> **Your objective**
Where an image appears in the data, omit it and reproduce the rest exactly.

........

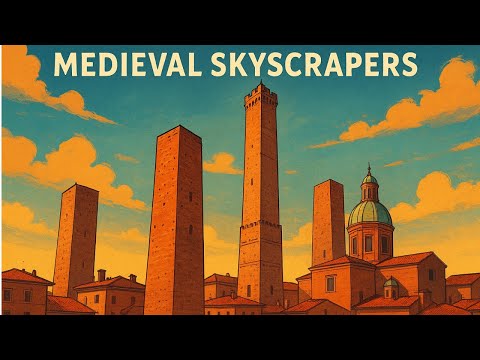 History in 5 Minutes: Bologna's Medieval Skyscrapers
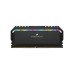Corsair DOMINATOR PLATINUM RGB 32GB (2x16GB) DDR5 5200MHz DESKTOP RAM (Black)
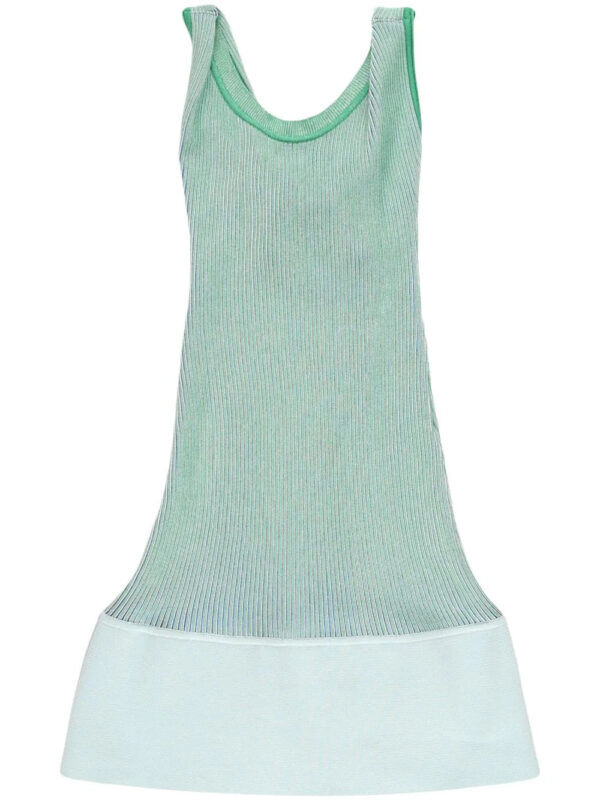 Jacquemus  La Robe Maille Turbi minidress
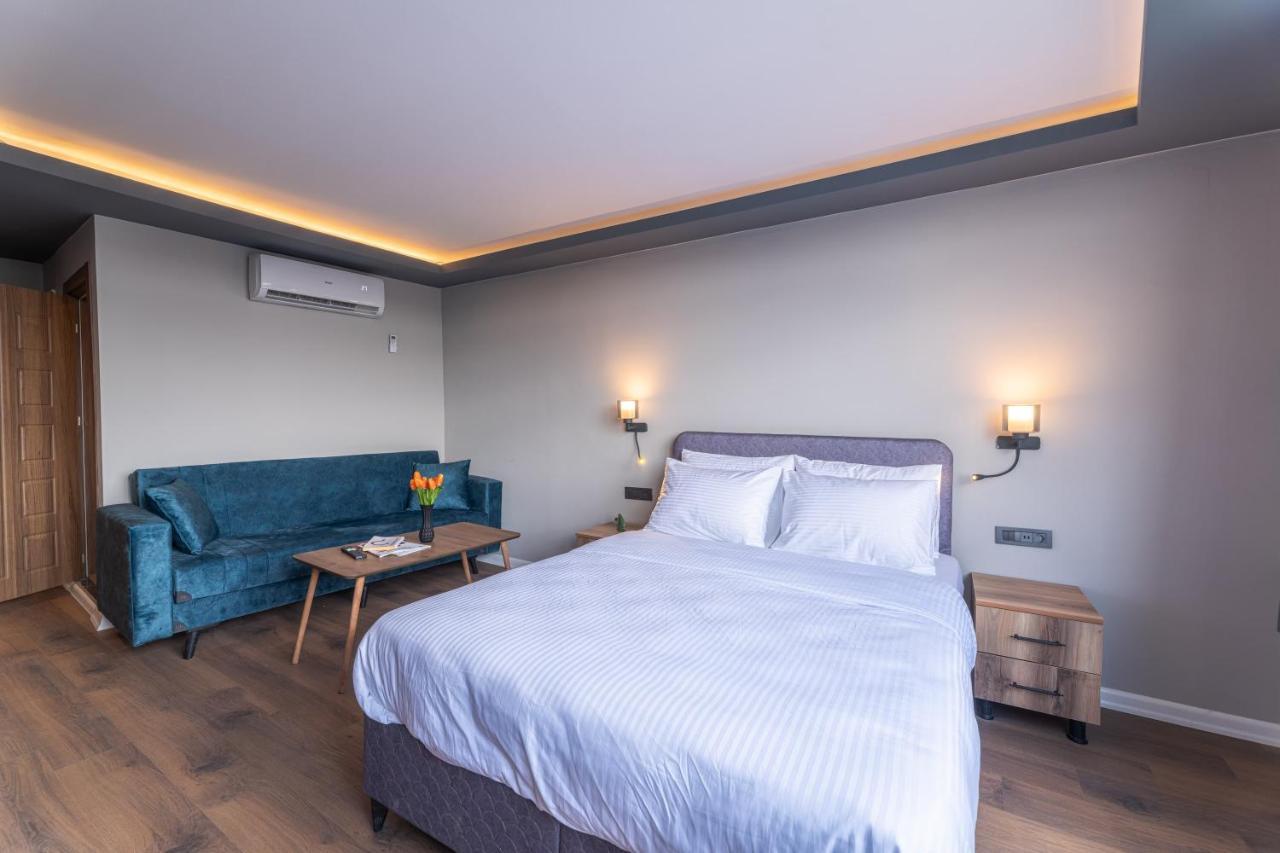 Han Residence Halic Istanbul Exterior foto
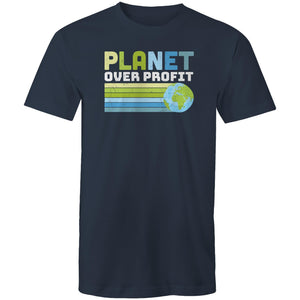 Planet over profit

........

> **Output for this exercise**
 History in 5 Minutes: Bologna's Medieval Skyscrapers
Corsair DOMINATOR PLATINUM RGB 32GB (2x16GB) DDR5 5200MHz DESKTOP RAM (Black)
 Jacquemus  La Robe Maille Turbi minidress
 Han Residence Halic Istanbul Exterior foto
 Planet over profit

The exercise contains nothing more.